Blackman v. SSRN, Round 3: “My Own Theory of the Law” Re-Exiled to SSRN Purgatory

December 4th, 2012

On November 27, 2012 SSRN exiled my article, “My Own Theory of the Law” (a critical commentary on Orin Kerr’s “Theory of Law”) to the land of “privately available articles.”

I resubmitted it that day, with further justification of why it meets the criteria for a publicly available article. Here was my comment:

Hello, This is a piece of scholarly satire. Orin Kerr published a piece in the Green Bag offering an easy way to support any footnote: http://www.greenbag.org/v16n1/v16n1_ex_post_kerr.pdf The Green Bag is hosting a Micro-Symposium on Kerr’s article. http://www.volokh.com/2012/11/26/call-for-papers-micro-symposium-on-a-theory-of-law/ I have been asked to contribute to this symposium. Please leave this article as publicly available. See footnote 1 🙂 Thanks, Josh

Today, SSRN responded to my request–but with two caveats.
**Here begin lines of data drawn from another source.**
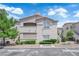 View of the building shows a beige facade with a window, patio, and well-maintained landscaping at 6480 Annie Oakley Dr # 112, Las Vegas, NV 89120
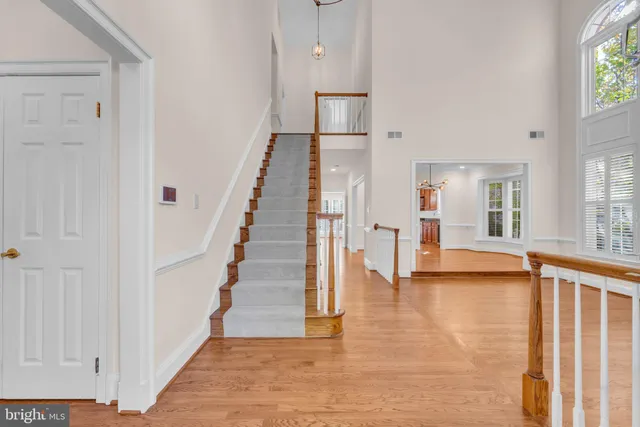 a view of entryway with wooden floor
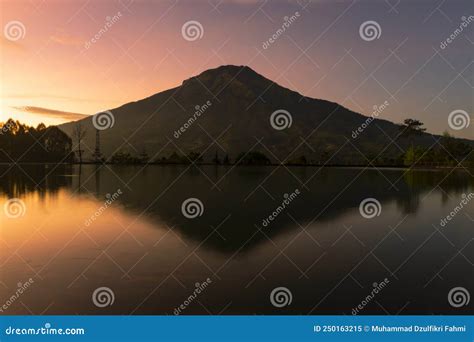 Sunrise with Mount Sumbing with Lake Surface on the Foreground Stock Image - Image of surface ...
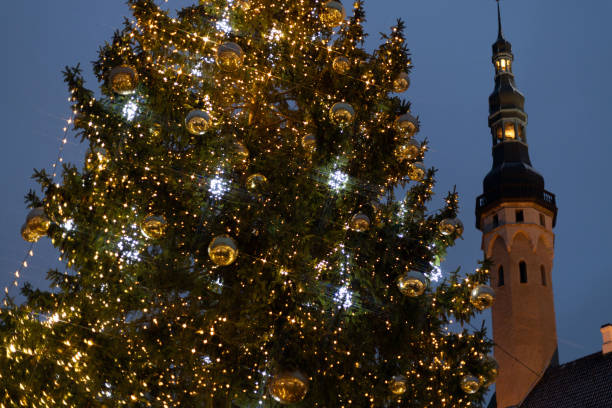 istock A Beautifully Illuminated Christmas Tree in the Historic Town Square During Dusk 2190411329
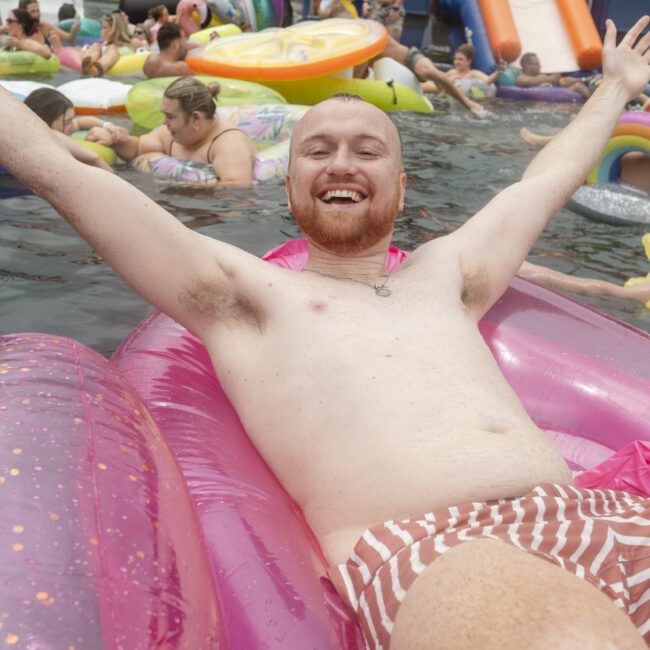 A man with a beard smiles and spreads his arms wide while lounging on a pink inflatable float in a pool. He is wearing striped swim trunks. In the background, people enjoy the water with various colorful inflatables.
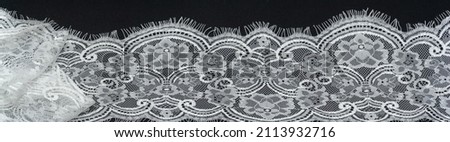White lace on a black background. Template for wedding invitation and greeting card with lace fabric background. Panoramic shot of a photo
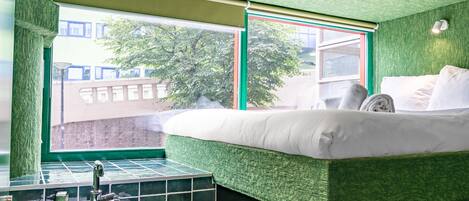Una habitación con cama, ventana, lavamanos y pared verde con textura.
First, SSRN approved my paper to be publicly available as a form of “satire.”

We have accepted your paper to appear in the “Other Papers” section of your Author Page, which is where opinion, advocacy and satirical papers are displayed as per SSRN policy. It will not be searchable by the SSRN eLibrary search engine but will be searchable by public search engines, and you may share the URL.

Satire? Comments make like these make me think all of scholarship is simply just a joke–not the least of which Orin’s seminal article.

But the second comment is where things get fun.

The only PDF file that SSRN allows to be attached to a submission is one which includes the full text of the paper or papers described by the abstract. The PDF file attached to this submission does not fulfill that requirement and has been removed. To include a PDF for download, please revise and upload a full-text PDF at your convenience.

“My theory of the law” most definitely included the full text of the paper. Here is a screenshot:

That is the “full text of the paper.” There’s a title, notation of the author, body of the article, and support below the line (in proper Bluebook formatting might I add). What more could there be?

But let’s break this decision down. Not since King Solomon has there been a more noble attempt to cut the scholarly baby. In a holding worthy of John Roberts, SSRN said my paper can be publicly available, but my paper will not be available for download. This saving construction allowed SSRN to take the right stand on promoting the free distribution of paper, but ultimately my challenge failed. Maybe I’ll write about SSRN’s use of the avoidance canon in publication decisions.

I’m not done here. Necessity is the mother of invention. I’ve spent some time mulling over my changes, and resubmitted my article, a third time.

Here is the opening (and closing):

A theory of law is only as theoretical as the theory that supports it.1

1.  See generally Orin S. Kerr, A Theory of Law, 16 GREEN BAG 2D 111 (2012). This article meets the criteria set by SSRN for public availability, see id.

I added this comment:

Thank you for your consideration of my previous paper. I trust this paper will meet all of your requirements. (See footnote 1).

I considered submitting my paper to Law & Society or the AALS Hot Topics panel, but I don’t it would have been considered in time.

Let’s see if this works.

I would note that this article has nearly 3,000 abstract views (currently ranked 3rd on my list of papers).